[Opening GIVEN RECORDS section]

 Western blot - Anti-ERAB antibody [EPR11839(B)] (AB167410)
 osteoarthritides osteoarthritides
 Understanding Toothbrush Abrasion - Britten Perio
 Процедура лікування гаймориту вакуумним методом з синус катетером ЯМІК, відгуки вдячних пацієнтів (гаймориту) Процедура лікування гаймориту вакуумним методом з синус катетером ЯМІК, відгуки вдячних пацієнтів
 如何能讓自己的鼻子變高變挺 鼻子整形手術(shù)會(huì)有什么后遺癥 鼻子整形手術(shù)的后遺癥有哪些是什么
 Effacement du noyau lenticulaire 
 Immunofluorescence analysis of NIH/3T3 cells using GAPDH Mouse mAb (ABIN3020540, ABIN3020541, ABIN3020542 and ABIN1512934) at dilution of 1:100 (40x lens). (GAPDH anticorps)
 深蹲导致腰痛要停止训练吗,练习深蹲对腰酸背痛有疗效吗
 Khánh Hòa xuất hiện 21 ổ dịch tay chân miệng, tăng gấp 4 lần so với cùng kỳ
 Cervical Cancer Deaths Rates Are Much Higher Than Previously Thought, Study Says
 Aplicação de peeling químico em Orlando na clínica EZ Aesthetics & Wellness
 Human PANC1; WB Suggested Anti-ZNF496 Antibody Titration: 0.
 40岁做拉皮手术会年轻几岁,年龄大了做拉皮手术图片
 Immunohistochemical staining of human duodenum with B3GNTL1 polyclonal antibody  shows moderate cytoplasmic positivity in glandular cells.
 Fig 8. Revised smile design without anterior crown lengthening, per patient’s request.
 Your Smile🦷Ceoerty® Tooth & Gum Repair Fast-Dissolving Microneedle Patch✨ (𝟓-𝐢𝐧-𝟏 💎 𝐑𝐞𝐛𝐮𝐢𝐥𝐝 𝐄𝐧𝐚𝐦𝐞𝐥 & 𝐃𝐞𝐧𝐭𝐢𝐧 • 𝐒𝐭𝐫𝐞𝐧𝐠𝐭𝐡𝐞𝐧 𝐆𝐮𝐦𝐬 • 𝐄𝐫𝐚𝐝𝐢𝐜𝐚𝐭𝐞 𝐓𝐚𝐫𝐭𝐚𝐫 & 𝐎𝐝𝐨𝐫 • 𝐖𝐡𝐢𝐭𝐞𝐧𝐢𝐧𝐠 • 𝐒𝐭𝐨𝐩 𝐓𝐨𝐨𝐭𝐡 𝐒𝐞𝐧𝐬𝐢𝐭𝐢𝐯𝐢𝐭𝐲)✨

[Closing GIVEN RECORDS section]

_AIM OF THE EXERCISE_
In the lines above, locate the string "cells". Copy every line where it occurs.

_ANSWER BELOW_
 Immunofluorescence analysis of NIH/3T3 cells using GAPDH Mouse mAb (ABIN3020540, ABIN3020541, ABIN3020542 and ABIN1512934) at dilution of 1:100 (40x lens). (GAPDH anticorps)
 Immunohistochemical staining of human duodenum with B3GNTL1 polyclonal antibody  shows moderate cytoplasmic positivity in glandular cells.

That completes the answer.